Wytwórnia: Universal Music Polska 27501901

…tylko brać. Osiecka znana i nieznana

Soyka Kwintet +

  • Ocena - 4

Nie całuj mnie pierwsza; Co by było gdyby nam zabrakło...; ...tylko brać; Księżycu płyń; Tango Warszawo; W naszym domu nie ma drzwi; Jedni piszą wiersze piórem; Od Warszawy do Krakowa; A może nie warto; Po słonecznej stronie dnia;  Upływa szybko życie
Muzycy: Stanisław Sojka, fortepian, gitara akustyczna, śpiew;  Janusz Yanina Iwański, gitara akustyczna; Przemek Greger,  gitara akustyczna; Marcin Lamch, kontrabas; Jakub Sojka, perkusja; Zbyszek Uhuru Brysiak, instr. perkusyjne; Antoni Sojka, instr. klawiszowe, moog; Antoni Gralak, trąbka; Aleksander Korecki, saksofon

Osiecką nie sposób się przejeść. Do kolekcji wydanych na przestrzeni ostatniej dekady płyt poświęconych twórczości znamienitej tekściarki – by wspomnieć choćby koncertowy album „Czy te oczy mogą kłamać” grupy Raz Dwa Trzy (2002), czy przesiąkniętą melancholią propozycję Katarzyny Nosowskiej („Osiecka”, 2008) – dołącza dziś najnowsze dzieło Stanisława Sojki i jego Kwintetu+.

Jednak projekt ten różni się zasadniczo od poprzedzających go tribute albums. Soyka nie interpretuje bowiem gotowych piosenek, lecz tworzy własne. Powód jest prosty: przeważająca część materiału, który trafił na krążek „…tylko brać. Osiecka znana i nieznana”, powstała do tekstów nietkniętych do tej pory kompozytorską ręką. Impulsem do zmierzenia się z twórczością poetki był pamiętny występ Sojki w ramach zeszłorocznej edycji festiwalu „Pamiętajmy o Osieckiej”.

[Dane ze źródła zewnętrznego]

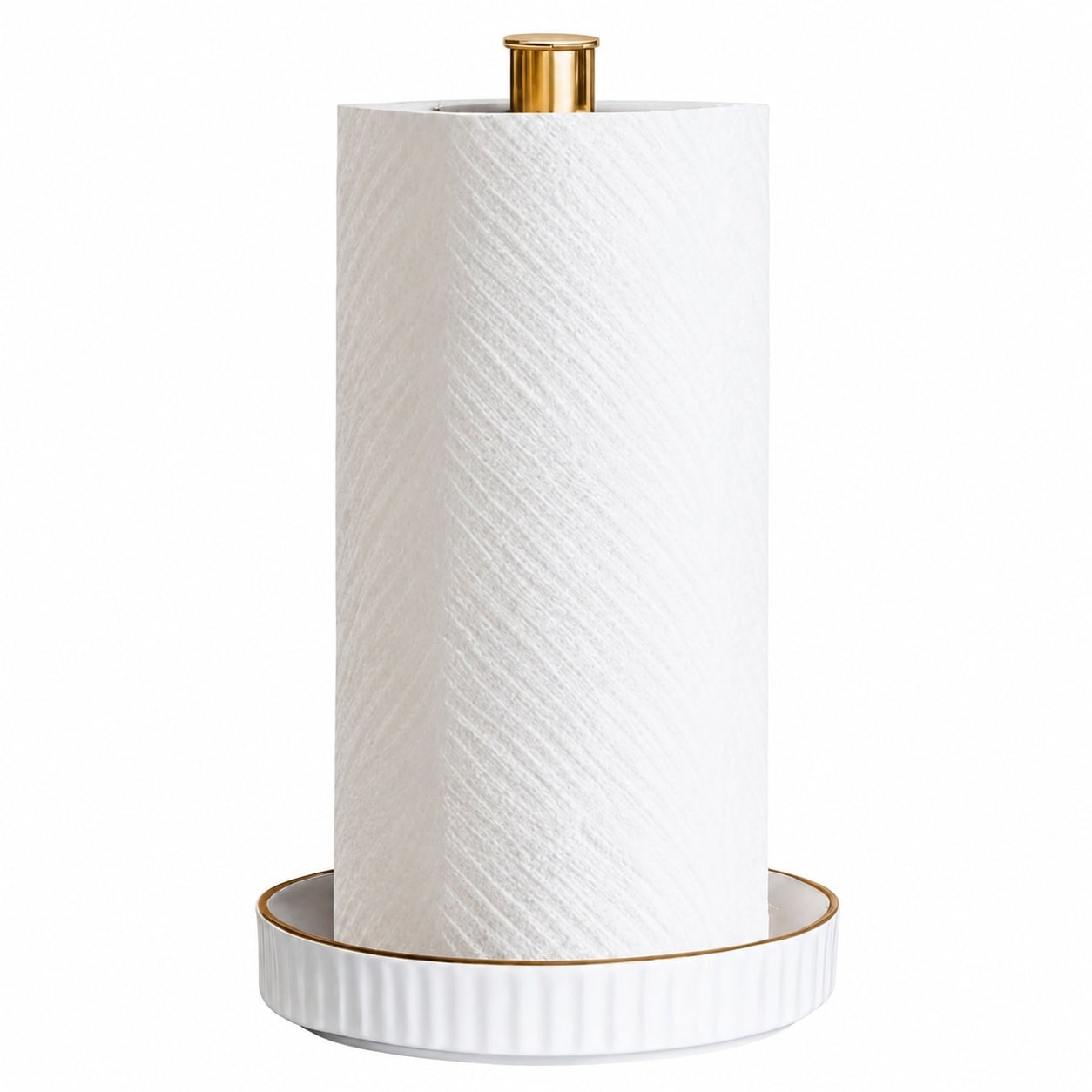 Aoibox  Gold Ceramic Base Paper Towel Holder Countertop Stand 7 in Diameter x 12 5 in Height Stable and Elegant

Najnowsza studyjna płyta artysty jest więc niejako zwieńczeniem tamtych poczynań. „Kiedy jeszcze Agnieszka była wśród nas, nie przypuszczałem, że kiedykolwiek ośmielę się dla niej komponować…” – zwierzył się muzyk. Niewykluczone jednak, że to tylko fałszywa skromność. Wszak Soyka zawsze miał słabość do najprzedniejszych tekściarzy, choć, przyznać to trzeba, zabierał się za nich dopiero po ich śmierci. „Pisali” dla niego Miłosz, Herbert, no i – rzecz jasna – sam Szekspir.

Brzmienie „…tylko brać” przywodzi na myśl ostatnią płytę Sojki, „Studio Wąchock”. Obie cechuje podobna estetyka – tak wykonawcza jak aranżacyjna – choć nowy album z muzyką do tekstów Osieckiej jest pozycją bez wątpienia radośniejszą, co w wypadku Sojki oznacza także: bardziej komercyjną. To jednak zaleta. Wspomniana płyta Nosowskiej, z której smutek leje się strumieniami, zdaje się leżeć na przeciwległym biegunie wrażliwości. Soyka poszedł w przeciwną stronę, nagrywając, jak sam to określił, materiał pełen smaków i kolorów, stanowiący afirmację życia i ukłon w stronę człowieka oraz uczuć, jakie nim kierują. Prosty gitarowy walczyk o tym, że „wszystko może się stać – tylko brać…”, nieprzypadkowo stał się mottem całej płyty. Wszak nawet wtedy, gdy Sojka łka, pytając: „Czy warto było, kochanie, wędrować daleko i długo / By wrócić z pustymi rękami i zasiąść nad strugą?”, słyszymy płacz z uśmiechem na ustach, bo przecież – w ostatecznym rozrachunku – warto.

Sojce towarzyszą znani z poprzedniego krążka Przemek Greger - g, Jakub Sojka - dr i  Zbyszek Uhuru Brysiak - perc. Mario Matyska zastąpił na basie Marcin Lamch, a na drugiej gitarze zagrał – tu niespodzianka! – Janusz „Yanina” Iwański. Niewątpliwego kolorytu dodają płycie Ziut Gralak - tp i Aleksander Korecki - sax. Soyka wciąż w znakomitej kompozytorskiej formie, która – odpukać – nie opuszcza go od paru ładnych lat. Doprawdy nie sposób przejść obojętnie obok niektórych melodii  – choćby Jedni piszą wiersze piórem, która nawiązuje swą dostojnością do szykownych „Sonetów” Szekspira, pozostawia jednakże, po części dzięki swej klasycznej budowie, szeroko otwarte drzwi dla ewentualnej improwizacji. Na krążku znalazły się także dwa klasyczne, niesojkowe utwory: Nie całuj mnie pierwsza – pamiętny przebój Skaldów do muzyki Zielińskiego, który Sojka pozostawił w niezmienionej postaci, oraz Upływa szybko życie Leśniaka. Ostatnie słowa Osieckiej brzmiały: „Do dupy”. Wcześniej pisała jednak: „Co się nażyłam – to moje!”. Stanisław Sojka – póki co – skłania się ku temu drugiemu stwierdzeniu.